Ao longo dos meses eu me debrucei sobre a existência desse homem tão singular, ao ponto de pôr a cabeça no travesseiro para dormir e me perguntar onde Kabul estaria dormindo naquele momento, me dando conta de que muito provavelmente, não estava nem perto de dormir. O que eu não previa era que Kabul também se dedicaria de maneira muito particular a saber tudo o que podia sobre mim, mais especificamente, sobre o meu trabalho. Semanas atrás, quando César falava com algum dos amigos faccionados, deixou a ligação no viva voz para que eu ouvisse a conversa que me perseguiu por todos os dias seguintes.

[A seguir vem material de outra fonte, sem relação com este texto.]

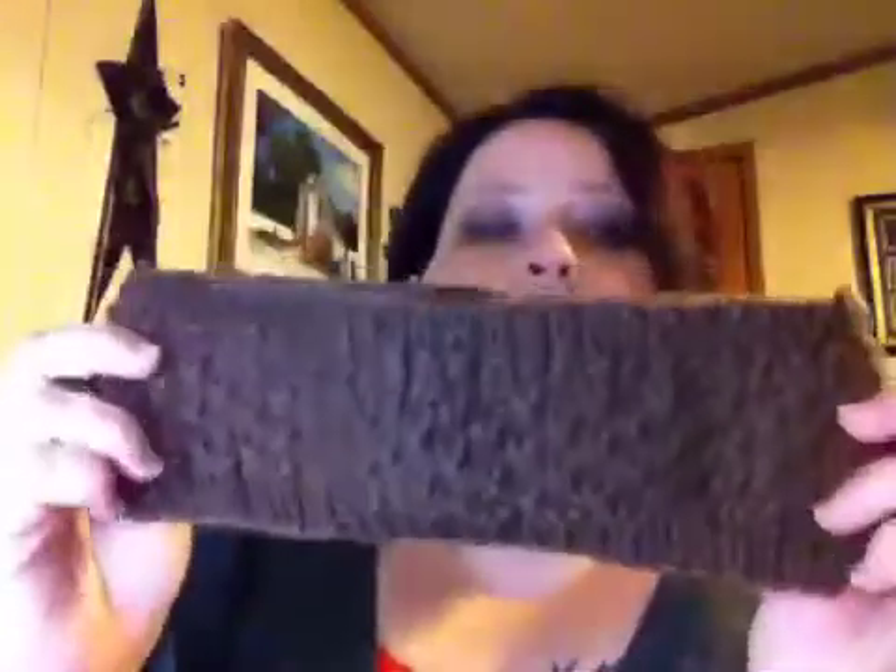I made some more knitted ear warmers. This one is just in a brown — it's coming off kind of gray on camera, but it's like a chocolate brown. These are all items going towards my craft show, which is about two weeks away. I'm really stressing. I'm still working on stuff every day.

"- Firmeza chefia, o chefe bateu um olho no trabalho da mina aí. Leu uns artigos e pá, disse que a loirinha escreve bem pá porra e fala bem que só, viu o insta dela, e não é jornalistinha merda. Como o que cês quer não é oficial e nós tá desenrolando isso aí porque os trabalho tá parado mesmo, o homem tá no descanso, tá meio ruim - disse o menino o qual não descobri o nome.

- Meu. Deus. - murmurei de olhos arregalados. César prontamente me mandou calar a boca.

- Meio ruim? Xii fiote, manda logo, qual que é a fita?